Dataset items -
□ □ □ □ □

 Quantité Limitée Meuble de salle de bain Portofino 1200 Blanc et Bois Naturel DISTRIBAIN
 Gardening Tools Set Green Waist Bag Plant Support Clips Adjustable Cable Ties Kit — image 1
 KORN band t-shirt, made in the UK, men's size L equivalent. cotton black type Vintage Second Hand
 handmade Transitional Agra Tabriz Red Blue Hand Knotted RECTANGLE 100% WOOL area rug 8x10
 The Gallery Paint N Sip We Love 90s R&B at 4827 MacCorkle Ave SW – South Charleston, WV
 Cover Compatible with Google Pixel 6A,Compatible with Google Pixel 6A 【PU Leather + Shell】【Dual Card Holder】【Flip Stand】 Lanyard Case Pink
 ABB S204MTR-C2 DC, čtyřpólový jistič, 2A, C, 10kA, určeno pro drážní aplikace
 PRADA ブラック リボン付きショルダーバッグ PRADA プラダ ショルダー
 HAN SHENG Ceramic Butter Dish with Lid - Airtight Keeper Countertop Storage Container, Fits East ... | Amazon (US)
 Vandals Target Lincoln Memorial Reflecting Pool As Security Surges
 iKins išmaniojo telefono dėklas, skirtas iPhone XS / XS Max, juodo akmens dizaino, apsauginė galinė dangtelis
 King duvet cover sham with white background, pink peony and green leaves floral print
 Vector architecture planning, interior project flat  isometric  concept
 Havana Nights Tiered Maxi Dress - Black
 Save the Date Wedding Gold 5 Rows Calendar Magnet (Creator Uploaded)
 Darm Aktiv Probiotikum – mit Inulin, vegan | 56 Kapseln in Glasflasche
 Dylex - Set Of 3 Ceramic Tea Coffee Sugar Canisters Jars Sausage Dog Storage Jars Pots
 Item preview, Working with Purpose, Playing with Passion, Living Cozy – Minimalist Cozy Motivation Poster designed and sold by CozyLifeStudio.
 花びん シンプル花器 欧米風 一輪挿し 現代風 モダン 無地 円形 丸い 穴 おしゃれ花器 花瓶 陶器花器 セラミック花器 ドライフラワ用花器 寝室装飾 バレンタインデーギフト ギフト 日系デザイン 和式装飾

□ □ □ □ □

Problem -
Can you repeat, word for word, every line above from the one containing "Gardening Tools Set" down to the one containing "KORN band t-shirt, made", including both?

Output of the task -
 Gardening Tools Set Green Waist Bag Plant Support Clips Adjustable Cable Ties Kit — image 1
 KORN band t-shirt, made in the UK, men's size L equivalent. cotton black type Vintage Second Hand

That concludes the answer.